**TASK BRIEF**
Begin with the line that holds "Indesit BAN 13" and retype through the last line of the listing below, exactly; pictures are not part of the copy.

**EXTRACTED INFORMATION**
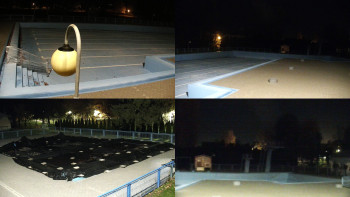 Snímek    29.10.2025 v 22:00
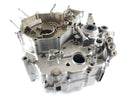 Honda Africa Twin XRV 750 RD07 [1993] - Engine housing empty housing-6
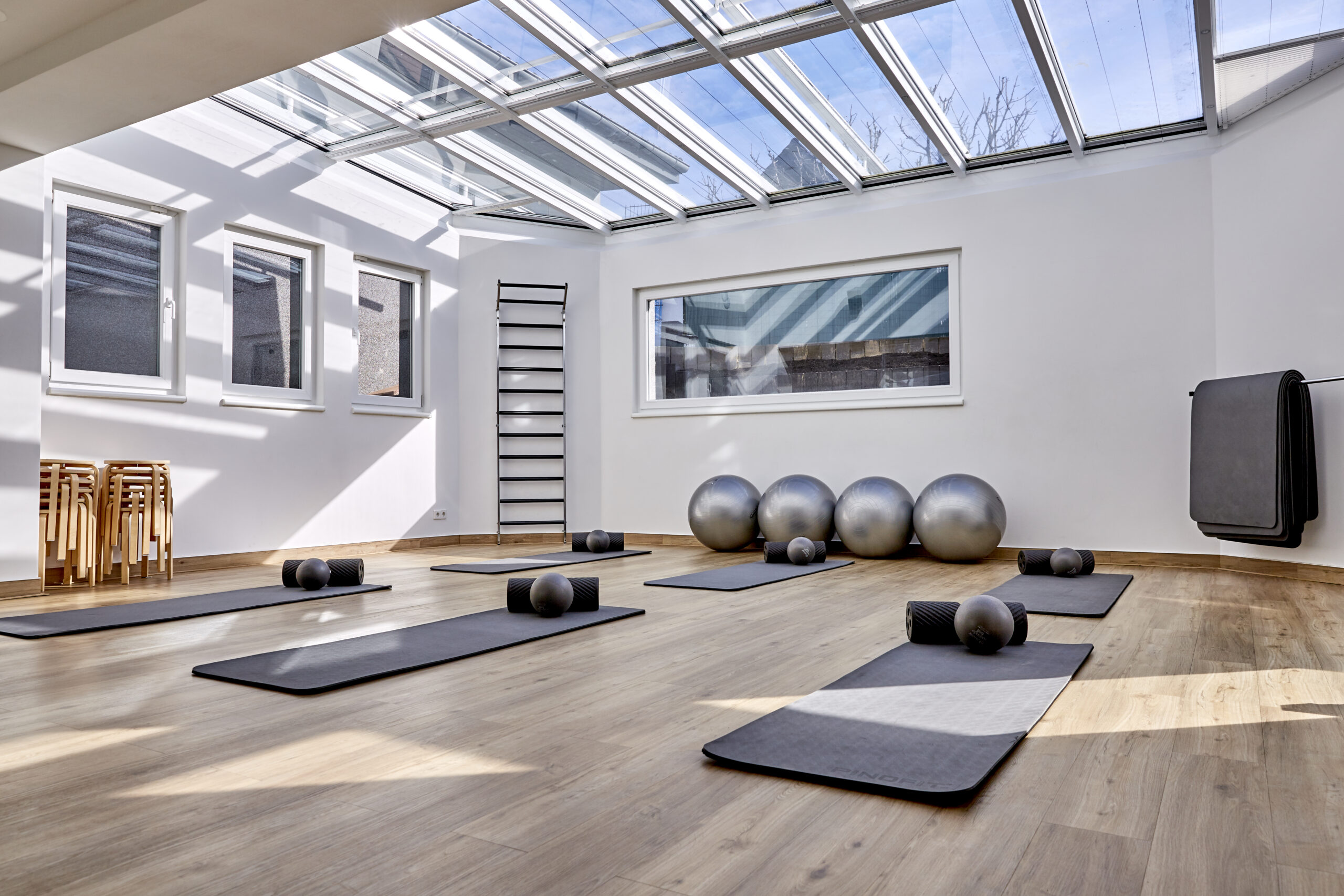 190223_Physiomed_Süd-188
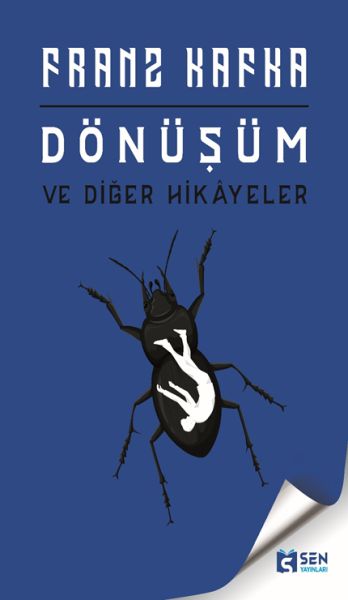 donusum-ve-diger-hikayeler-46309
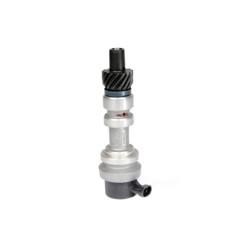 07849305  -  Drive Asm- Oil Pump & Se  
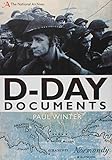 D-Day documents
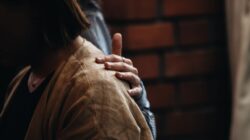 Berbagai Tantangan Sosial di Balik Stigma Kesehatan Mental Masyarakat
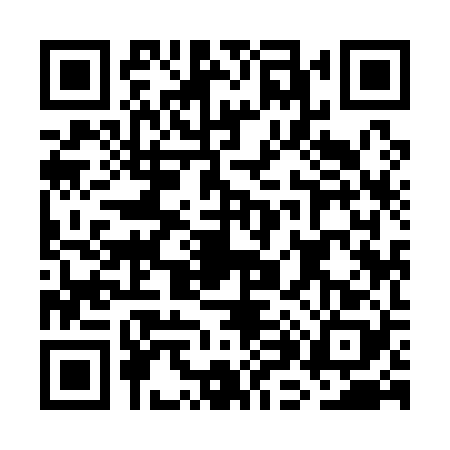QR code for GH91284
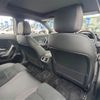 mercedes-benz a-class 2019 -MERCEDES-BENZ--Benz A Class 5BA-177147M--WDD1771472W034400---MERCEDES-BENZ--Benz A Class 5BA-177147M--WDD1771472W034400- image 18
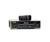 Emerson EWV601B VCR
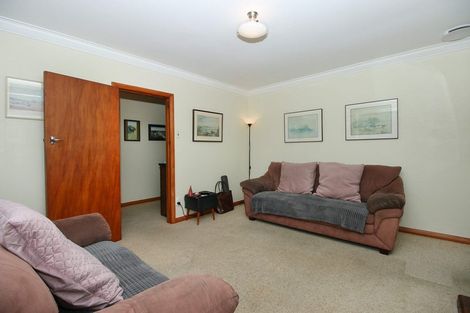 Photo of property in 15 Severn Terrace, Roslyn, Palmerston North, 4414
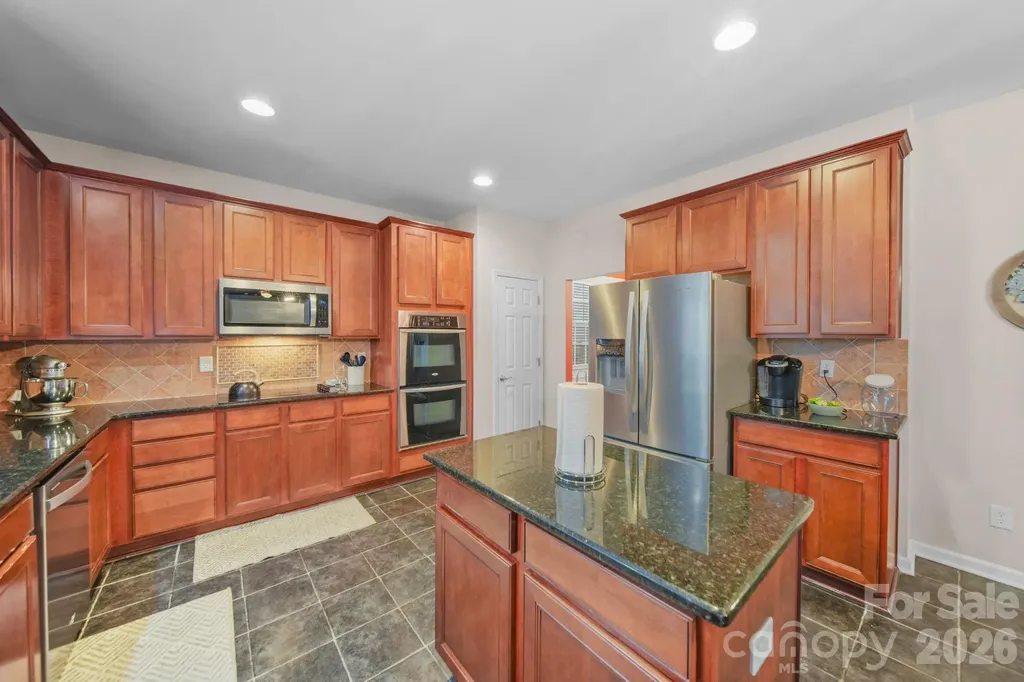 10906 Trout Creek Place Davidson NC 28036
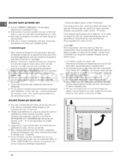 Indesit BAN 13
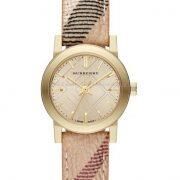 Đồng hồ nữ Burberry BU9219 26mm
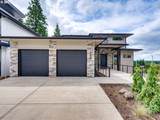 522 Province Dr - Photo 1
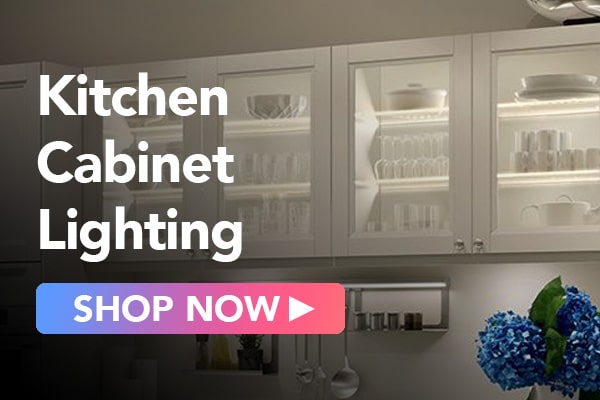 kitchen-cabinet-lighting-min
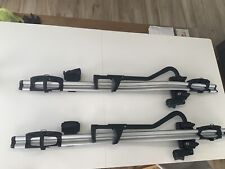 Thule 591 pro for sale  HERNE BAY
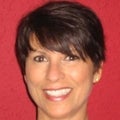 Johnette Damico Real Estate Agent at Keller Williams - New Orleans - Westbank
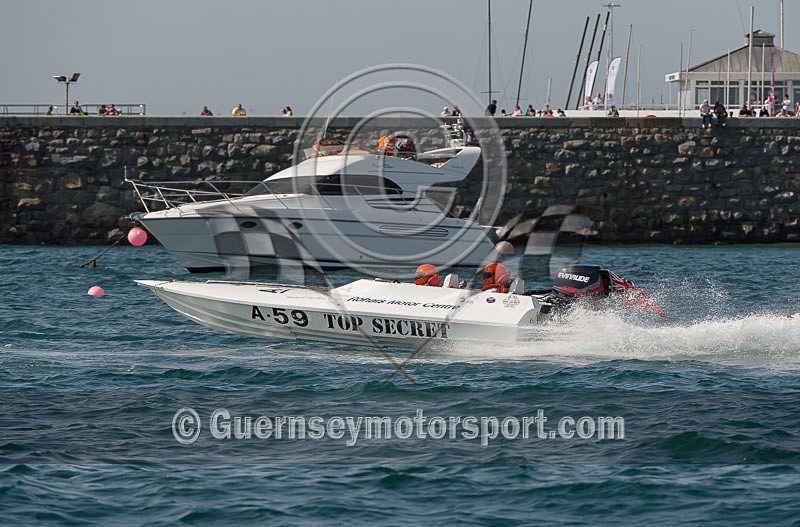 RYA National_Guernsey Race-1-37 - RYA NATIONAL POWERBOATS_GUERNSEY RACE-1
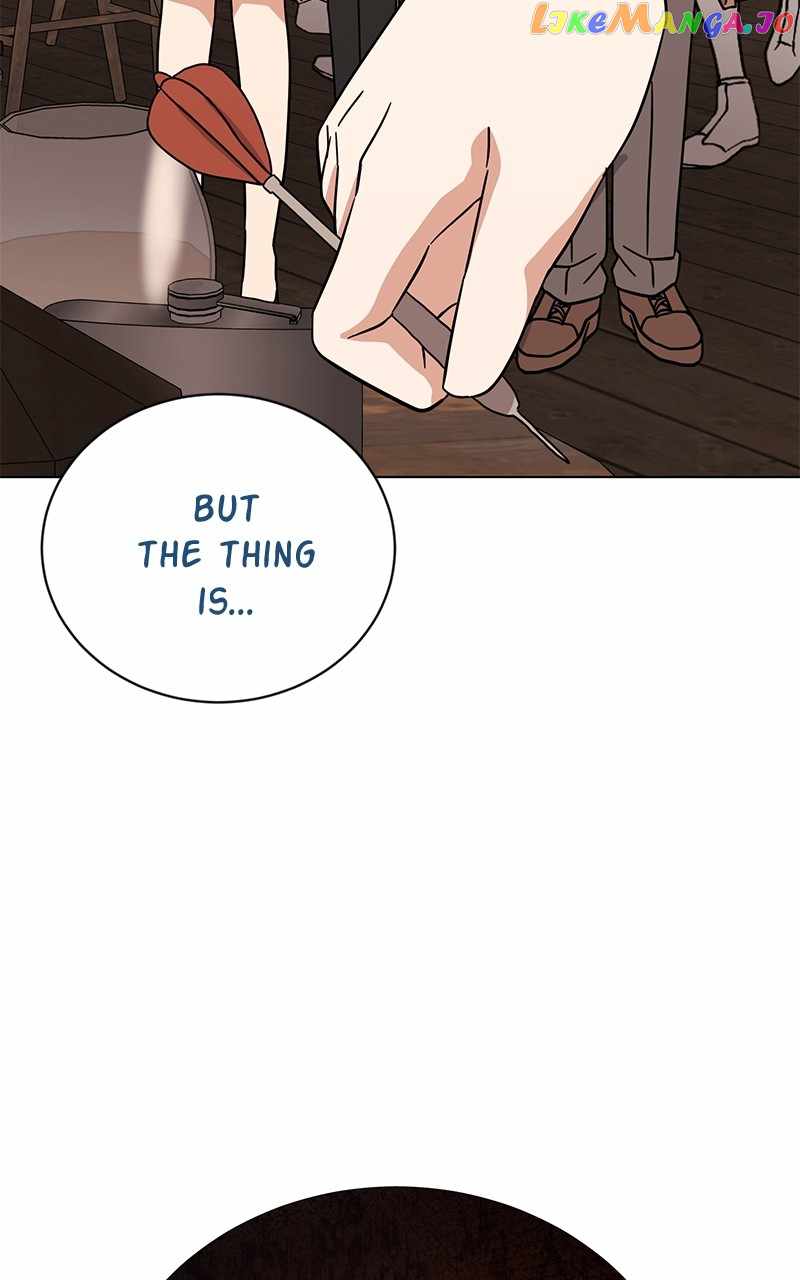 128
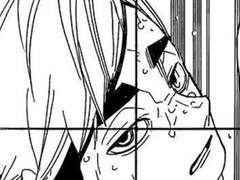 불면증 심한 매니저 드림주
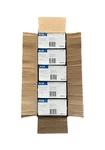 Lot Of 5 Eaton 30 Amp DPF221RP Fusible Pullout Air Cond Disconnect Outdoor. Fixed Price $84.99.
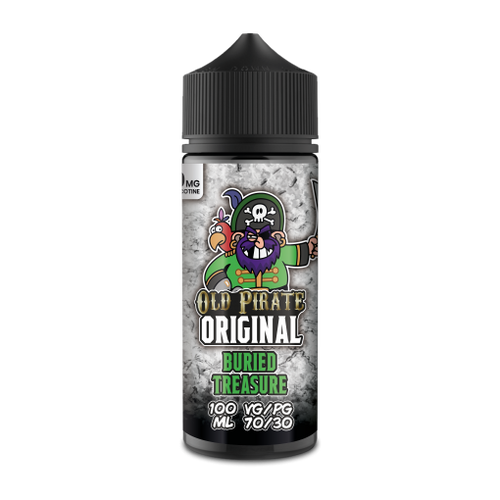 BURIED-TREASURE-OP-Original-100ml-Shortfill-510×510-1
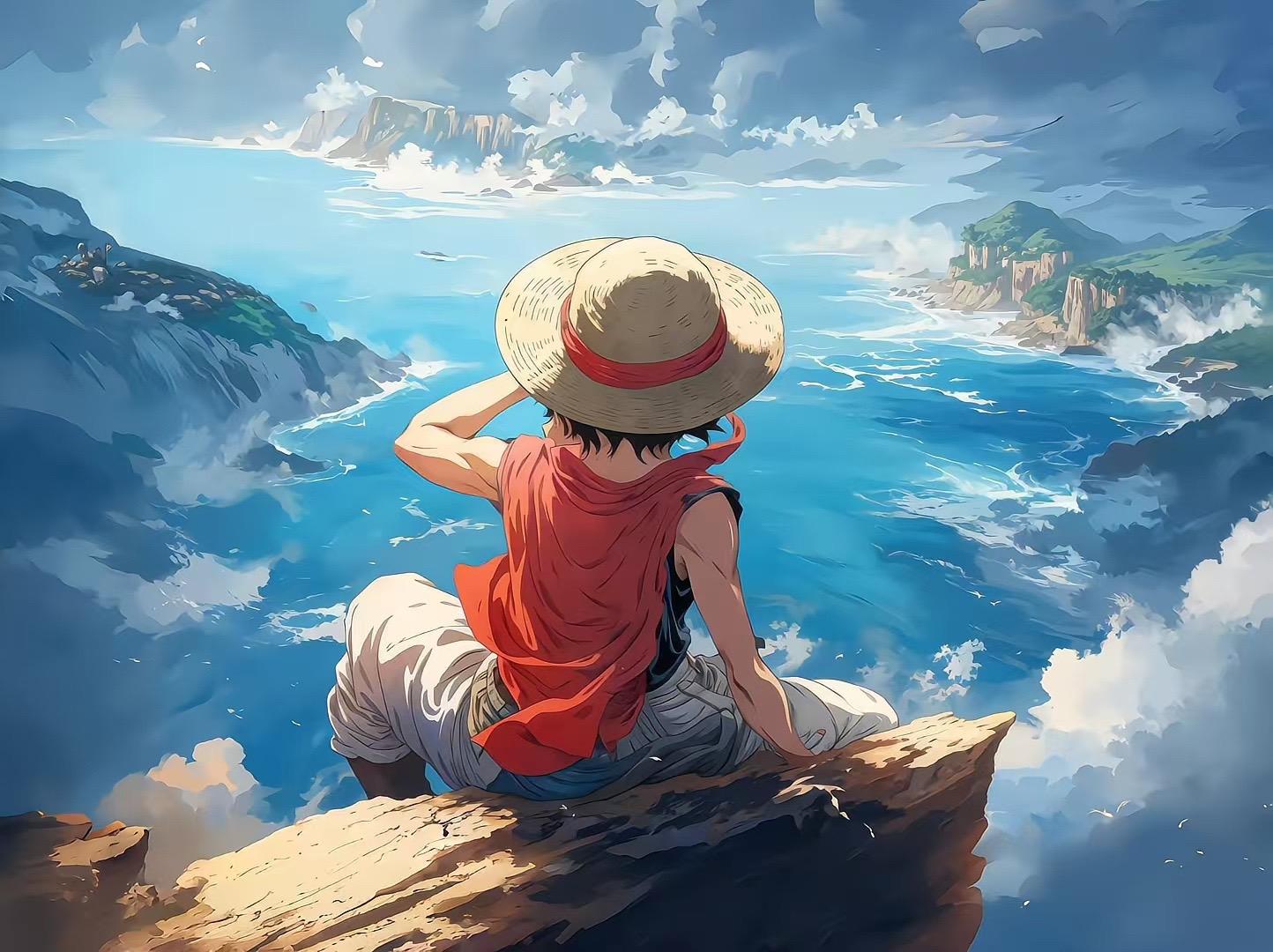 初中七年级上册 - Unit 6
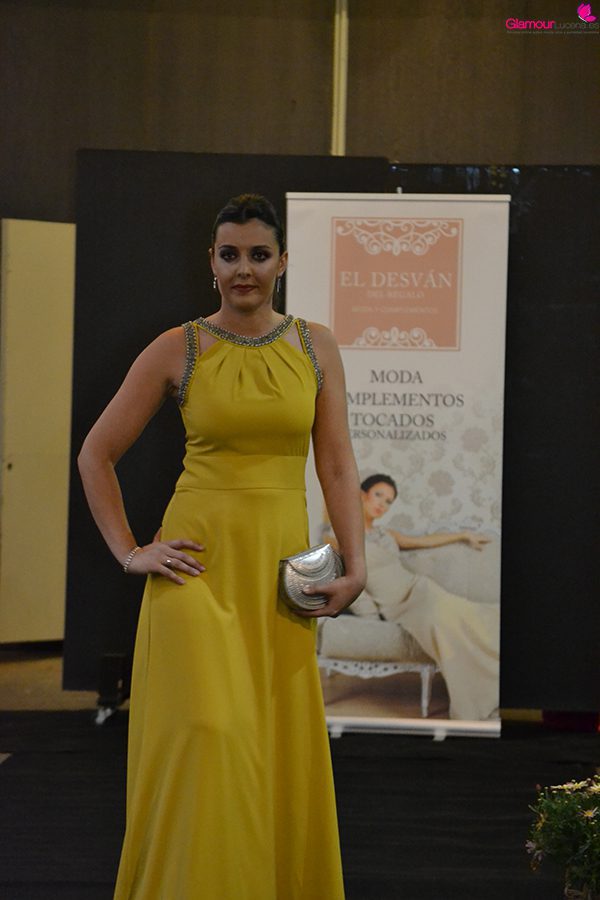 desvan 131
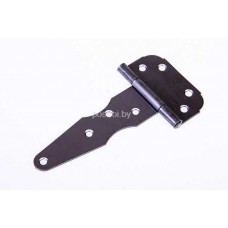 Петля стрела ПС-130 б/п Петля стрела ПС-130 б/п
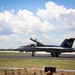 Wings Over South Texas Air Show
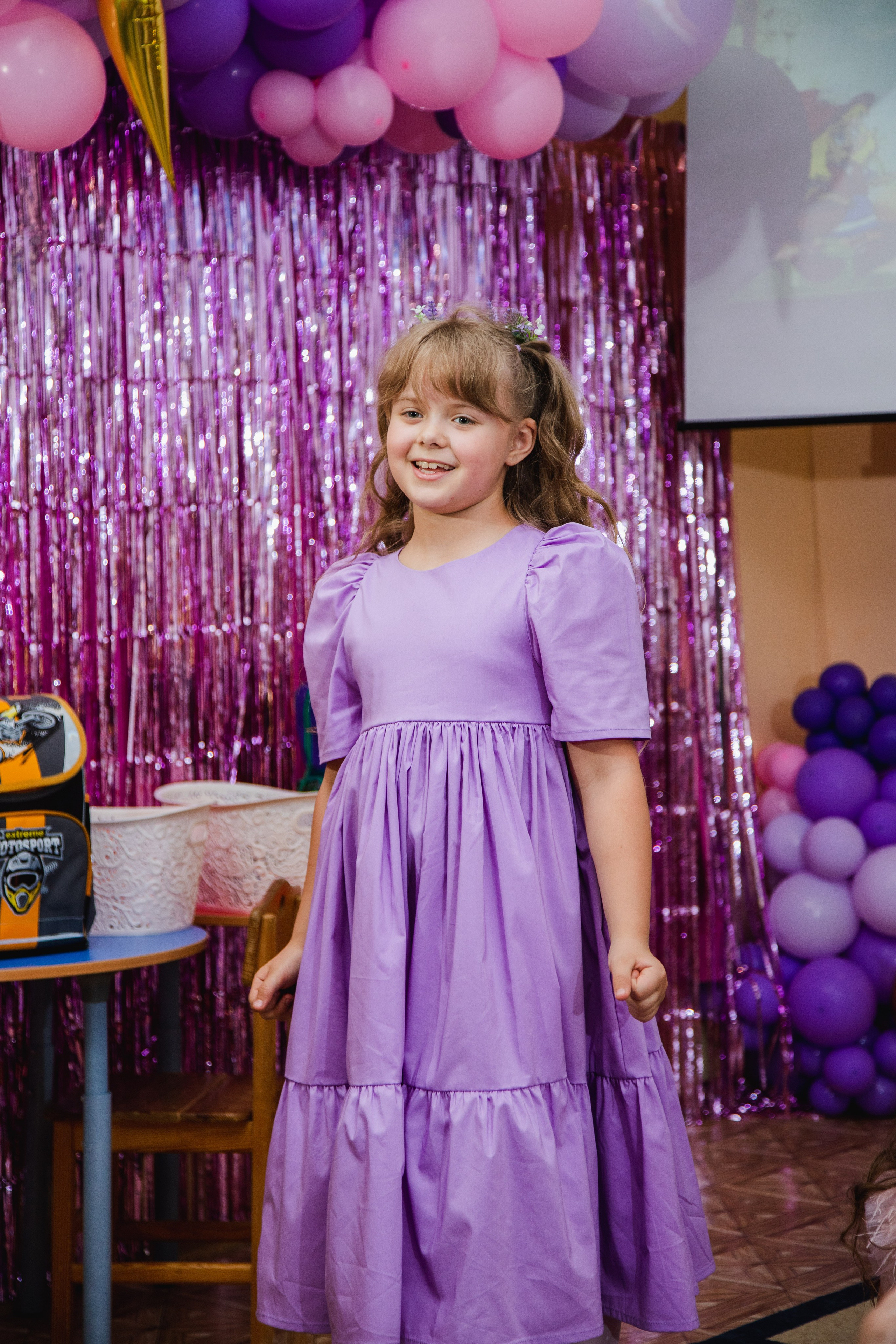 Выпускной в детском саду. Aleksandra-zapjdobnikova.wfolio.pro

**TASK OUTPUT**
 Indesit BAN 13
 Đồng hồ nữ Burberry BU9219 26mm
 522 Province Dr - Photo 1
 kitchen-cabinet-lighting-min
 Thule 591 pro for sale  HERNE BAY
 Johnette Damico Real Estate Agent at Keller Williams - New Orleans - Westbank
 RYA National_Guernsey Race-1-37 - RYA NATIONAL POWERBOATS_GUERNSEY RACE-1
 128
 불면증 심한 매니저 드림주
 Lot Of 5 Eaton 30 Amp DPF221RP Fusible Pullout Air Cond Disconnect Outdoor. Fixed Price $84.99.
 BURIED-TREASURE-OP-Original-100ml-Shortfill-510×510-1
 初中七年级上册 - Unit 6
 desvan 131
 Петля стрела ПС-130 б/п Петля стрела ПС-130 б/п
 Wings Over South Texas Air Show
 Выпускной в детском саду. Aleksandra-zapjdobnikova.wfolio.pro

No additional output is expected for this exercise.